→ EXERCISE
Only one stretch of the data below is wanted: the lines starting at the one with "Wallpaper Mural Fresh" and ending at the one with "Large AUTHENTIC Murano Owl Vase 14", both included, given again exactly.

→ SUPPLIED ENTRIES
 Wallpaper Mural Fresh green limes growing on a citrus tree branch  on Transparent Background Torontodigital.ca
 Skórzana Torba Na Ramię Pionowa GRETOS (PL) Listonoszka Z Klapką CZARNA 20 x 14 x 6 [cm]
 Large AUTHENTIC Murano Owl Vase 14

...

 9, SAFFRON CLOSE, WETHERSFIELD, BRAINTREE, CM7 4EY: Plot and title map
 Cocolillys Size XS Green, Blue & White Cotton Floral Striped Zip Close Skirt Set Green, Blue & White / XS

→ SOLVED EXERCISE
 Wallpaper Mural Fresh green limes growing on a citrus tree branch  on Transparent Background Torontodigital.ca
 Skórzana Torba Na Ramię Pionowa GRETOS (PL) Listonoszka Z Klapką CZARNA 20 x 14 x 6 [cm]
 Large AUTHENTIC Murano Owl Vase 14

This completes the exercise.